### Information given
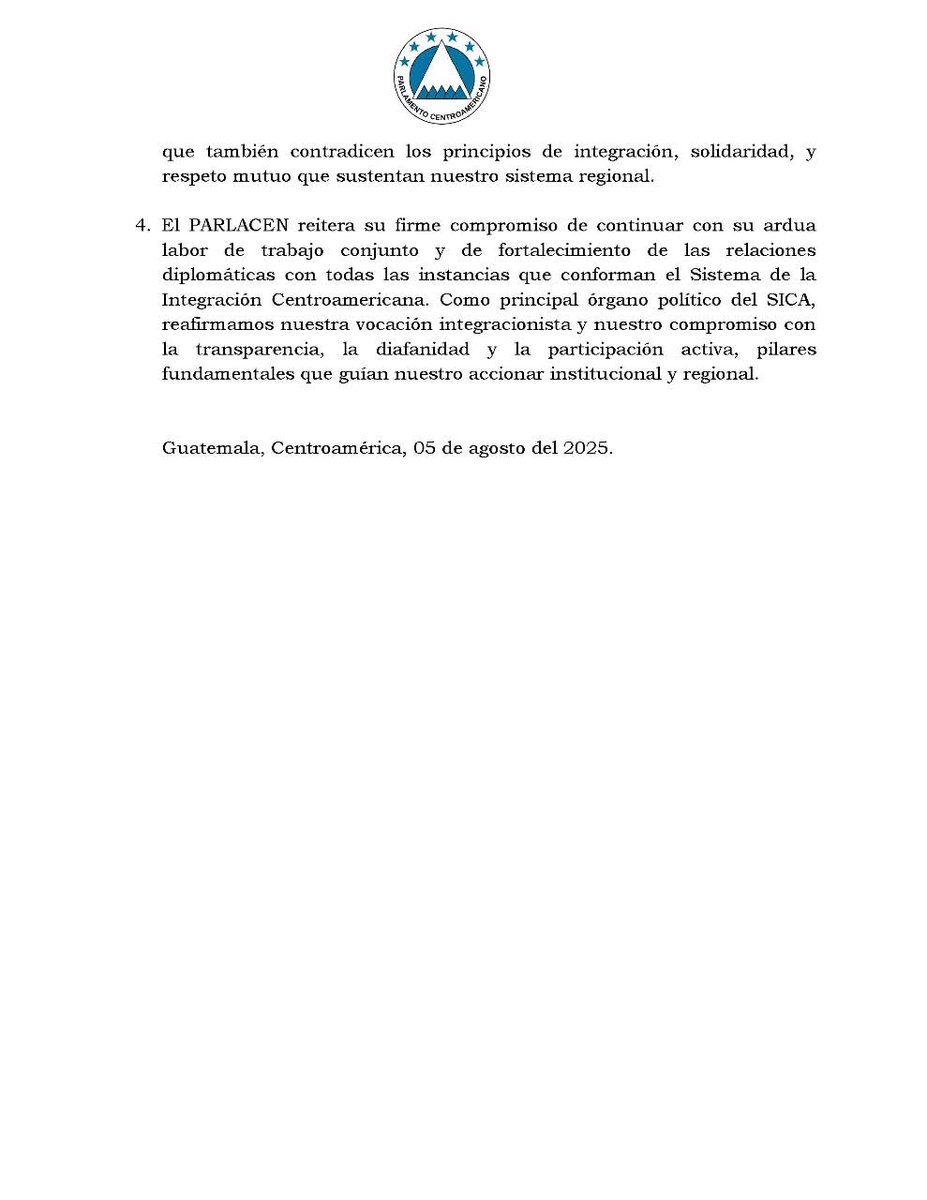 Comunicado del Parlamento Centroamericano, PARLACEN, ante declaraciones ofensivas emitidas en el marco del proceso de reforma constitucional en El Salvador.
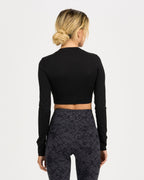 Long-Sleeve Lux Crop Tee | Black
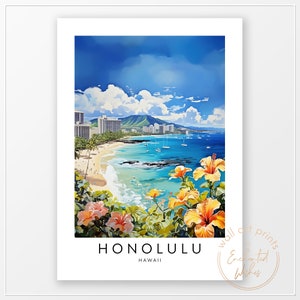 May include: A colorful illustration of Honolulu, Hawaii, with a beach, ocean, palm trees, and a mountain in the background. The text "HONOLULU" and "HAWAII" is printed below the image.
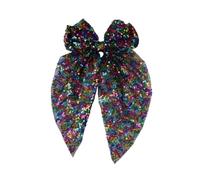 Ling & Bai Fiocchi per capelli con paillettes grandi, color oro, forcine per capelli con glitter argento, accessori per acconciature per donne e ragazze (nero multicolore)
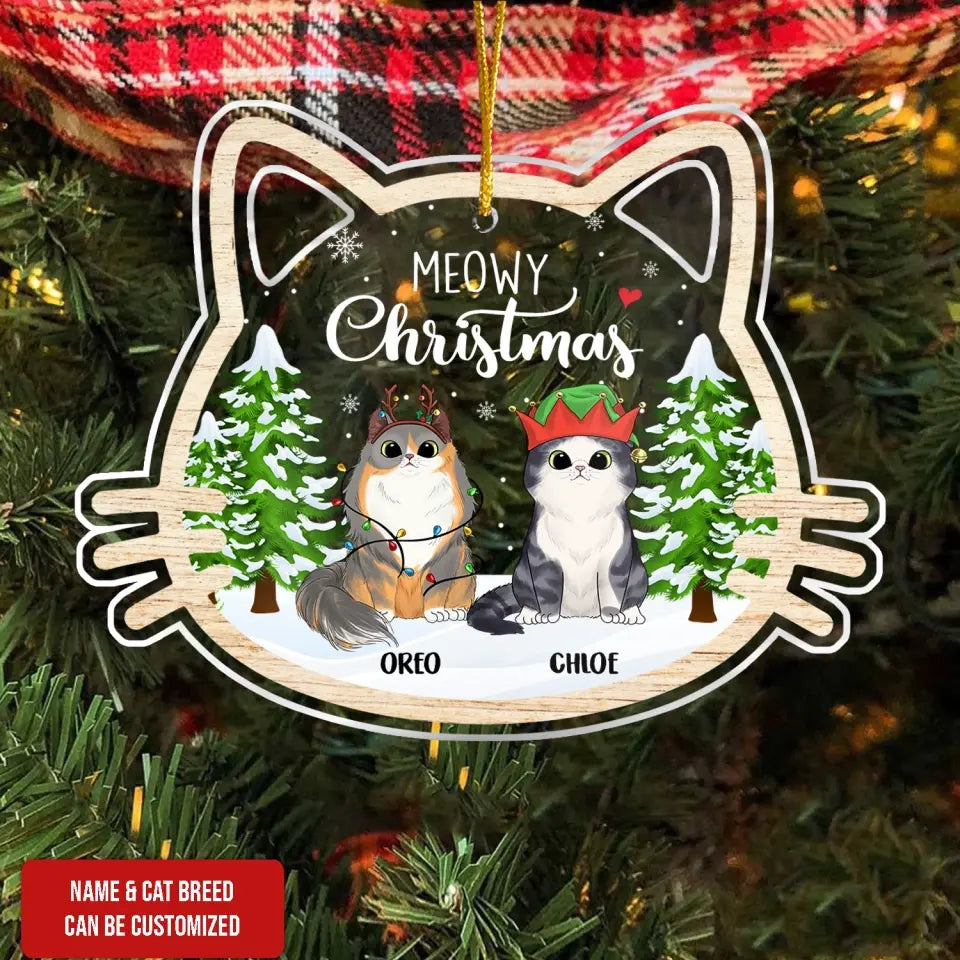 Meowy Christmas - Personalized Acrylic Ornament, Gift For Christmas - ORN112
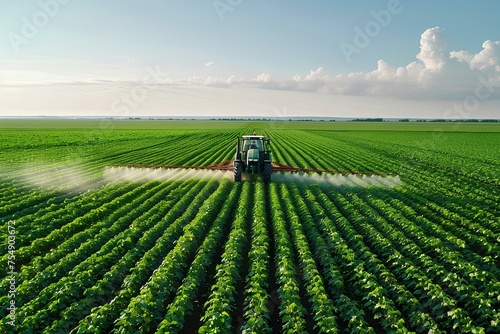 tractor in the field spraying chemicals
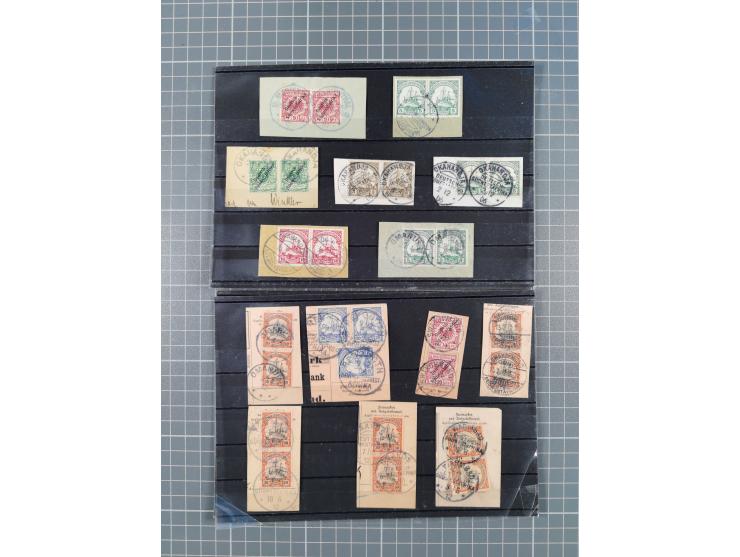 1897/1914, 28 Briefstücke inkl. sieben Postanweisungs-Briefstücken mit Paaren bzw. “Mehrfachfrankaturen” diverser Marken mit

### Task objective
Hand back the exact lines from the start of the entries to the line with "Ling & Bai Fiocchi", both ends kept and pictures left out.

### Written answer
 Comunicado del Parlamento Centroamericano, PARLACEN, ante declaraciones ofensivas emitidas en el marco del proceso de reforma constitucional en El Salvador.
 Long-Sleeve Lux Crop Tee | Black
 May include: A colorful illustration of Honolulu, Hawaii, with a beach, ocean, palm trees, and a mountain in the background. The text "HONOLULU" and "HAWAII" is printed below the image.
 Ling & Bai Fiocchi per capelli con paillettes grandi, color oro, forcine per capelli con glitter argento, accessori per acconciature per donne e ragazze (nero multicolore)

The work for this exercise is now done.